Vandali in azione a Seveso. La panchina rossa posizionata in centro al paese è stata vandalizzata con scritte nere sfregiando così il simbolo della lotta alla violenze sulle donne. A postare la foto sui social è la sindaca del paese in provincia di Monza e Brianza, Alessia Borroni.
"A poco più di 24 ore dalla Gionata del 25 novembre – scrive la sindaca – è stato compiuto un atto di vigliaccheria alla panchina rossa, simbolo delle donne vittime di violenza. Come Sindaco, ma soprattutto come donna sono indignata e senza parole".
E poi ha aggiunto: "Un evidente attacco non solo a tutte le vittime, ma a tutte le istituzioni, forze dell’ordine, scuole e famiglie che ogni giorno combattono contro ogni tipo di violenza. Sostituiremo la targa il prima possibile e invito chiunque abbia informazioni sui responsabili a rivolgersi alla nostra Polizia Locale".
La panchina rossa di Seveso
La panchina era stata inaugurata tre anni fa alla presenza dei figli di Valeria Bufo, la sevesina uccisa a colpi di pistola dal marito mentre era ferma con la sua auto a un semaforo di Bovisio Masciago.

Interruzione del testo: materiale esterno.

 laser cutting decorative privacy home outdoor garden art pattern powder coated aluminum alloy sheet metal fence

Valeria era vittima di maltrattamenti e minacce: aveva trovato il coraggio di andare dai carabinieri e di denunciare tutto. Aveva trovato il coraggio di andare via di casa e chiedere ospitalità alla sorella. Ma non è bastato.
Valeria è stata l'ennesima vittima di femminicidio in Lombardia. Giorgio Truzzi, il marito, è stato condannato in via definitiva a 30 anni di carcere. Il giudice lo ha anche condannato a pagare una provvisionale sul risarcimento dei danni di 300mila euro a ciascuno dei tre figli.

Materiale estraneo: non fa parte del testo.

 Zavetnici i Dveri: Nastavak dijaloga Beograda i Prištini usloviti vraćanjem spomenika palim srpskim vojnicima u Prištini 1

I figli, Alessandro, Stefano ed Eleonora, hanno avviato un'associazione "Per noi Vale" in memoria della madre uccisa. A Fanpage.it hanno raccontato le difficoltà in Italia di essere orfani di femminicidio: i fondi statali in loro aiuto sono pochi.
E non solo: "Abbiamo dovuto far fronte a delle procedure burocratiche assurde. Come quelle legate alla cremazione: abbiamo dovuto tener fermo il corpo di nostra madre per giorni, perché avevamo bisogno dell'autorizzazione del coniuge. Questo perché per la legge i miei genitori erano ancora sposati. Tra aiuti e procedure qualcosa deve cambiare".